Julia Ortner

Kommentar

Julia Ortner

John Wayne braucht keinen Flughafen

Politik / 30.06.2020 • 07:30 Uhr / 3 Minuten Lesezeit

Und jetzt auch noch John Wayne. Sie wollen uns unseren Westernheld wegnehmen! Aufgeregtheit unter amerikanischen Fans, aufgrund der aktuellen Rassismus-Debatte wollen die Demokraten im kalifornischen Orange County den nach John Wayne benannten Flughafen umbenennen.
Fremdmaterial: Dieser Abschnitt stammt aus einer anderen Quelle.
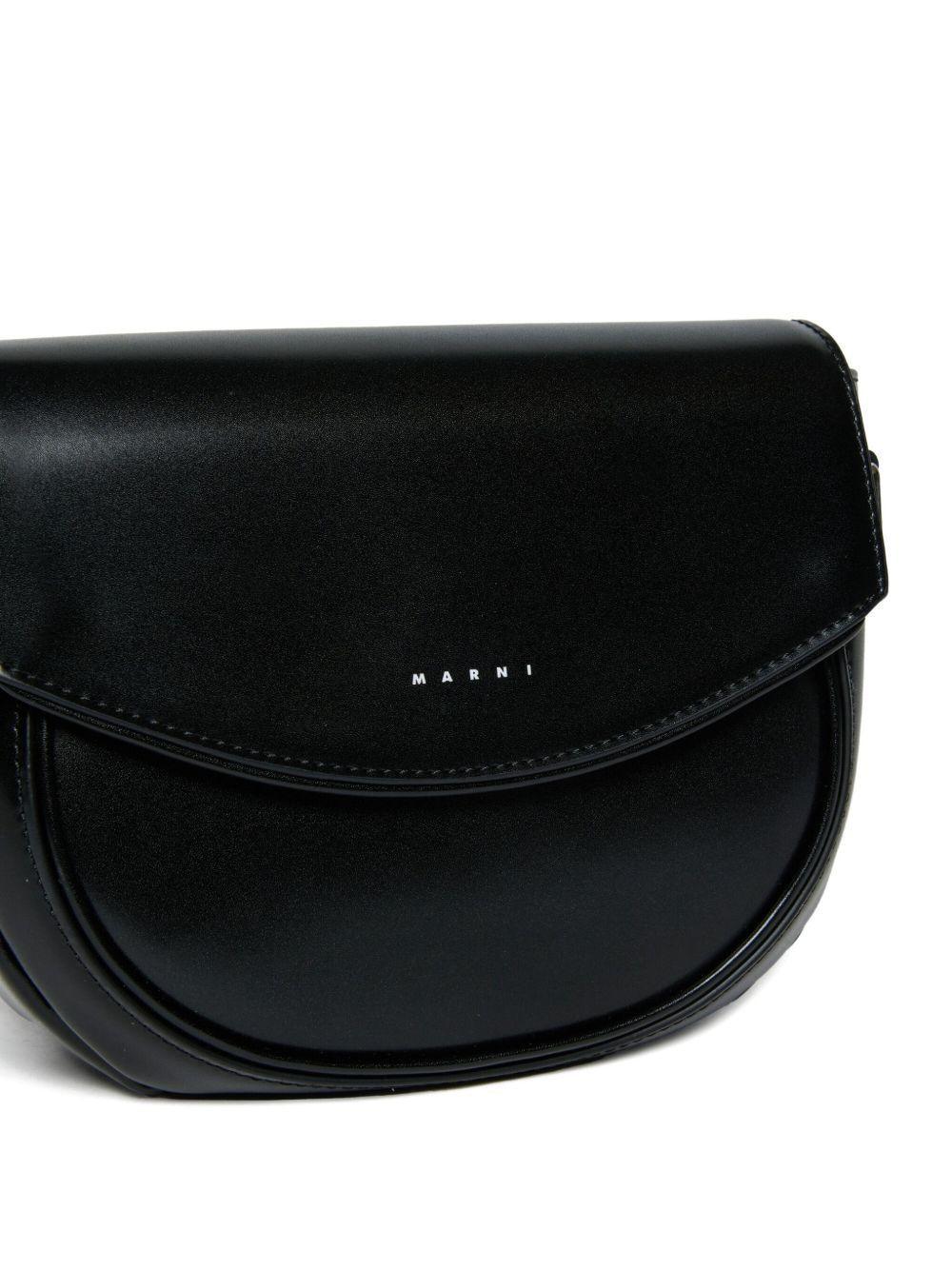 Borsa nera a tracolla con chiusura magnetica per bambini - Preludio Moda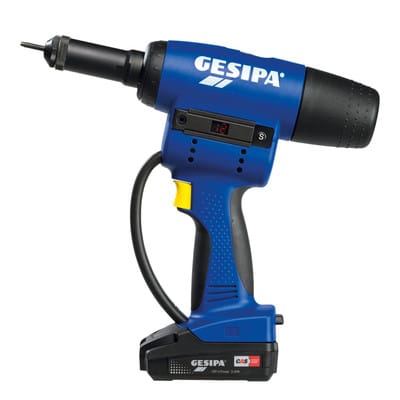 Akku-Blindnietmuttern-Setzgerät FireBird Pro + 1 Akkupack 18 v Li-Ion, 2 Ah + Ladegerät + L-Boxx - Gesipa
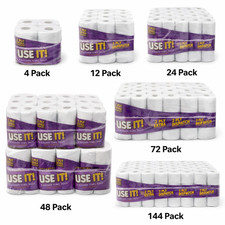 Kitchen Rolls 2ply Embossed Tissue White Paper Hand Towel Wipes Absorbent Tissue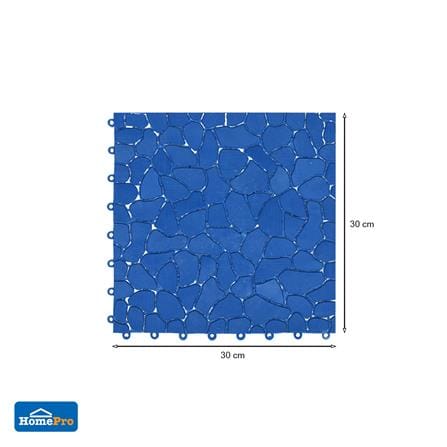 แผ่นกันลื่น HOME LIVING STYLE STONE 30X30 ซม. สีน้ำเงิน_5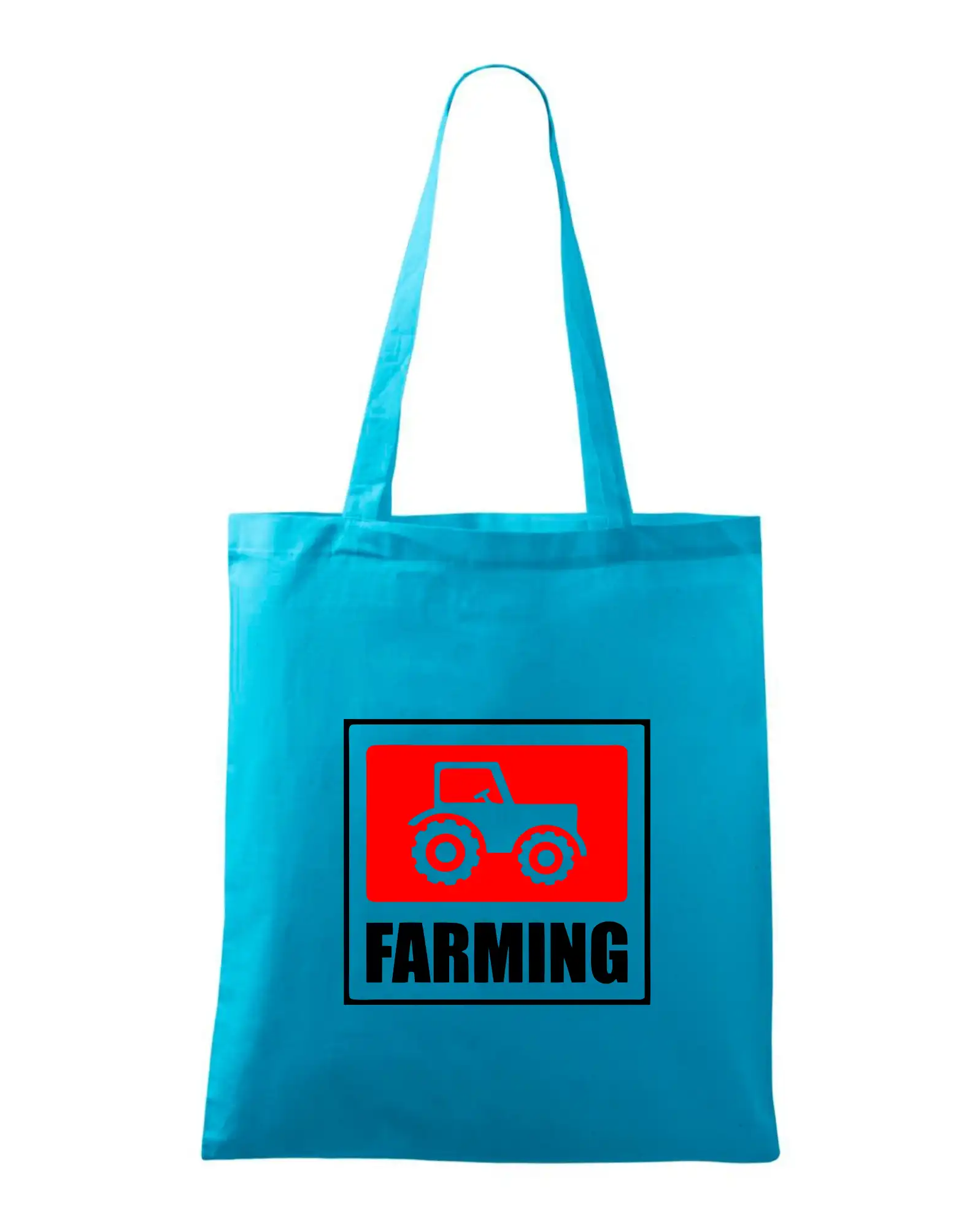 Farming traktor logo - Taška bavlnená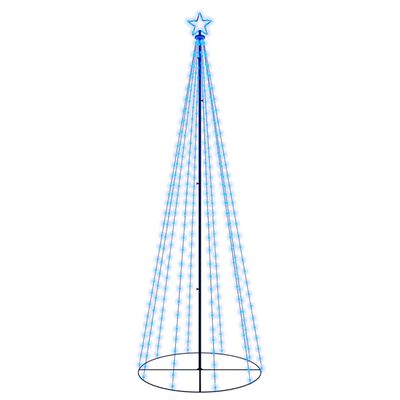 vidaXL Christmas Cone Tree Blue 310 LEDs 3x10 ft
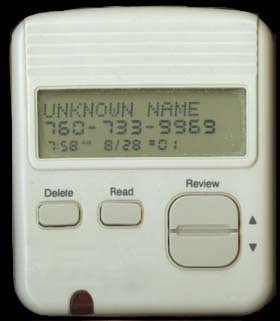 It's a caller ID box -- ask someone older than you about it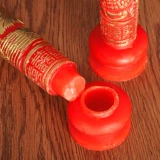 Свадебная поставка китайская в стиле Свадебная церковь Дракон и Феникс Хи персонажи, красные цветочные свечи, пара свадебных подсвечников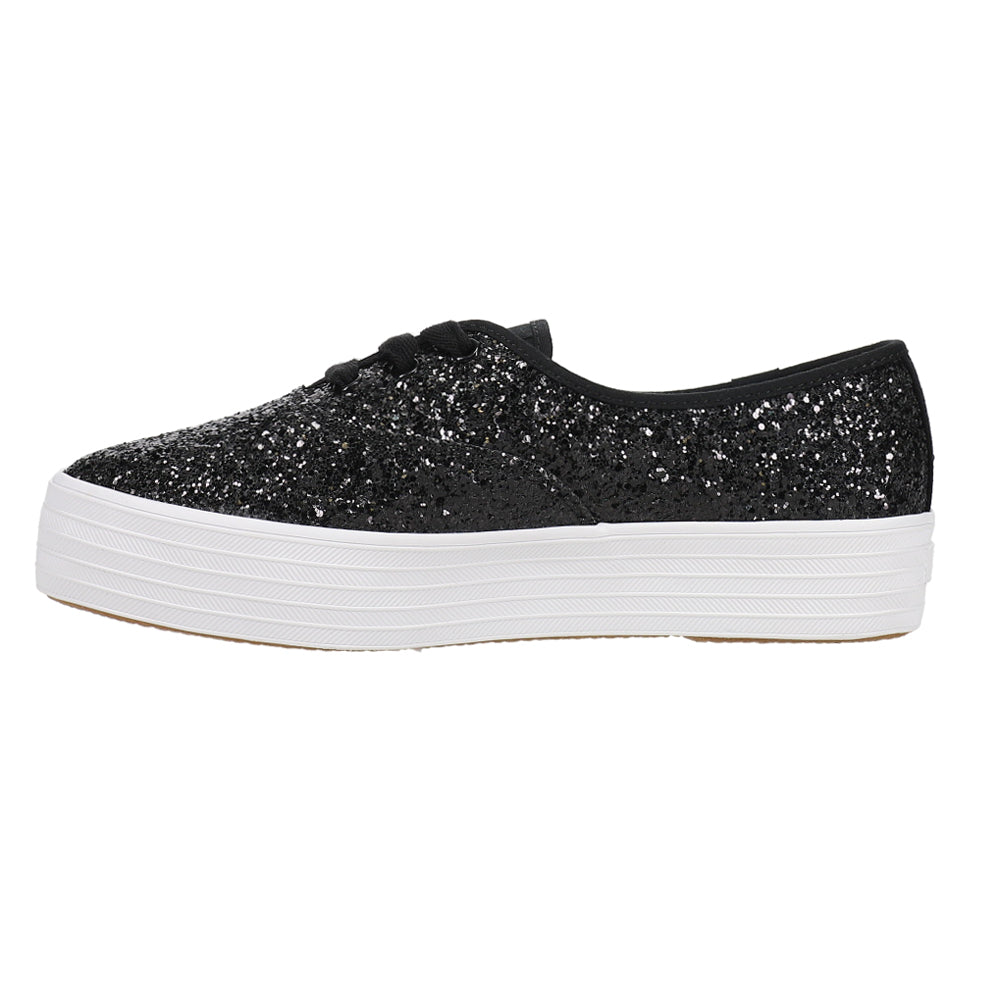 Point Glitter Celebrations Lace Up Sneakers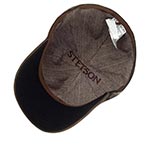 Бейсболка STETSON арт. 7720304 BASEBALL CAP WOOL CHECK (коричневый / серый)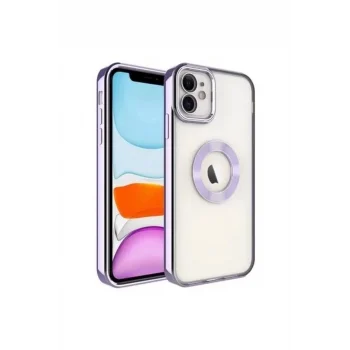 Apple Iphone 11 Uyumlu Kılıf Magsafe Köşeleri Renkli Şeffaf Kamera Korumalı Silikon Kapak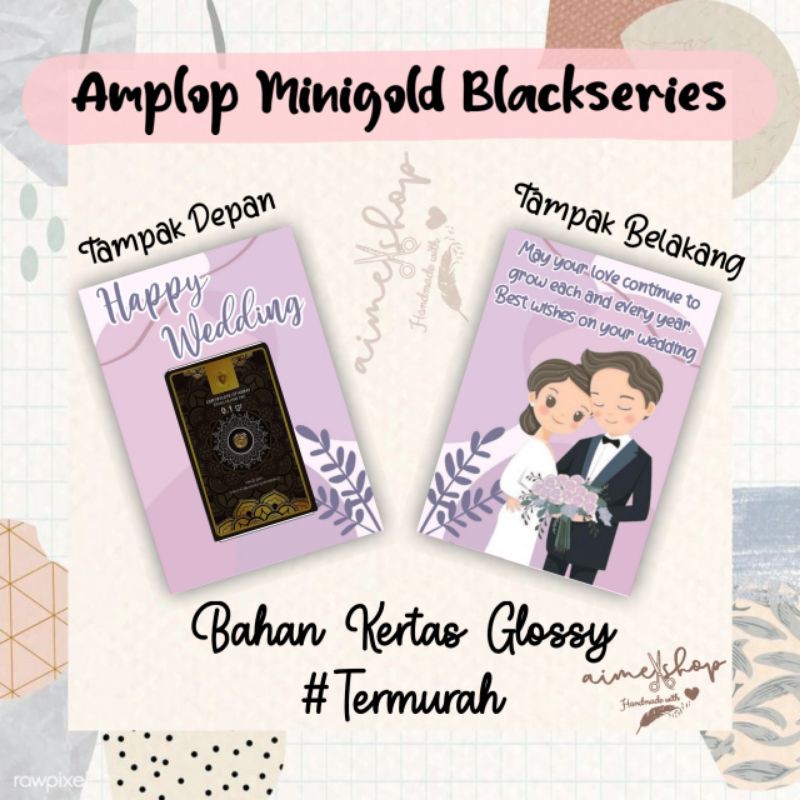 

AMPLOP MINIGOLD BLACKSERIES (TEGAK/PORTRAIT)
Der Hollywoodstar sprach einst in Interviews gerne von der „white supremacy“, der Überlegenheit der Weißen, Schwarze bedürften der „Erziehung“.

Rund um die erstarkte „Black Lives Matter“-Bewegung, die sich seit 2013 mit Polizeigewalt und Rassismus gegen Afroamerikaner beschäftigt, brechen jetzt täglich neue Debatten über den Umgang mit dem rassistischen Erbe der Vergangenheit und den Problemen der Gegenwart auf. Auslöser der landesweiten Proteste, Ausschreitungen und öffentlichen Diskussionen war der gewaltsame Tod des Afroamerikaners George Floyd bei einem Polizeieinsatz in Minneapolis am 25. Mai.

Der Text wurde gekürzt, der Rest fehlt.